■ Exercise description
Everything from the line containing "Casamigos Blanco, 750" through the final line of the material is to be restated word for word, and only that.

■ Records shown
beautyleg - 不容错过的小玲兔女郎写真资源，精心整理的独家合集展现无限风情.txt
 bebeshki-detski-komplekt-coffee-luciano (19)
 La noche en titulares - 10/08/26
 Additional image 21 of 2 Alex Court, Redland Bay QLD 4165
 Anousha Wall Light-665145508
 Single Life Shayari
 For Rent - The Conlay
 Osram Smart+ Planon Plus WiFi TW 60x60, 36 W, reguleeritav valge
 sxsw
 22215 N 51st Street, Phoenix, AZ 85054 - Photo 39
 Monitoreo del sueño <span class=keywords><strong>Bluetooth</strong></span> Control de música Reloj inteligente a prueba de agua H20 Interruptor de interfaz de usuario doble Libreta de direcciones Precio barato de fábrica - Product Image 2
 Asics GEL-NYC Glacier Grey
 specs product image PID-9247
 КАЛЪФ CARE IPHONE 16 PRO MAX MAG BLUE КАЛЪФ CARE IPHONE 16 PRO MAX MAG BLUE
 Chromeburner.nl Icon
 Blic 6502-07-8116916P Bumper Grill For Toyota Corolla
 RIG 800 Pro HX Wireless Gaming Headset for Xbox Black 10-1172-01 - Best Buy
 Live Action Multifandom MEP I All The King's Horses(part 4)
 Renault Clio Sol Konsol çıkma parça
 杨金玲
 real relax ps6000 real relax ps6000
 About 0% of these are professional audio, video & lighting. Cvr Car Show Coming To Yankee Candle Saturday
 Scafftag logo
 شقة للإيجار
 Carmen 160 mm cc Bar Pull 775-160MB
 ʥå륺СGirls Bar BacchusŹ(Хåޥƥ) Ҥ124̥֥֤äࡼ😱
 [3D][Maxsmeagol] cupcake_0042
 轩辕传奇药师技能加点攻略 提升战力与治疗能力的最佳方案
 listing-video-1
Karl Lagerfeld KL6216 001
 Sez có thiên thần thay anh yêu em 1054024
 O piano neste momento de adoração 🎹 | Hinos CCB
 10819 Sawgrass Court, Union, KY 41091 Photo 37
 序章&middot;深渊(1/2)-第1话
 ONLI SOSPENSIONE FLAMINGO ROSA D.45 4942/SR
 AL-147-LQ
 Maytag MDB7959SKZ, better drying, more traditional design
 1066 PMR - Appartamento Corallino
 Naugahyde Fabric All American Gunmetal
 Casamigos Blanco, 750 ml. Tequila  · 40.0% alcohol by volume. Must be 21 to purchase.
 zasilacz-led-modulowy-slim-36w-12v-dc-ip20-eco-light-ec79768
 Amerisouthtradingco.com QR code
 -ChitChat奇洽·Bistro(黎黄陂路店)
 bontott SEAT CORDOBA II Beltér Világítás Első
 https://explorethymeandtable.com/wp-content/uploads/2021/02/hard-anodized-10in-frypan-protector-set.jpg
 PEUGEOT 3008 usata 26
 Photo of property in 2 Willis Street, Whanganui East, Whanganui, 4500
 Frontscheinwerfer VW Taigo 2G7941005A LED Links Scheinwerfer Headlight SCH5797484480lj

■ Task response
 Casamigos Blanco, 750 ml. Tequila  · 40.0% alcohol by volume. Must be 21 to purchase.
 zasilacz-led-modulowy-slim-36w-12v-dc-ip20-eco-light-ec79768
 Amerisouthtradingco.com QR code
 -ChitChat奇洽·Bistro(黎黄陂路店)
 bontott SEAT CORDOBA II Beltér Világítás Első
 https://explorethymeandtable.com/wp-content/uploads/2021/02/hard-anodized-10in-frypan-protector-set.jpg
 PEUGEOT 3008 usata 26
 Photo of property in 2 Willis Street, Whanganui East, Whanganui, 4500
 Frontscheinwerfer VW Taigo 2G7941005A LED Links Scheinwerfer Headlight SCH5797484480lj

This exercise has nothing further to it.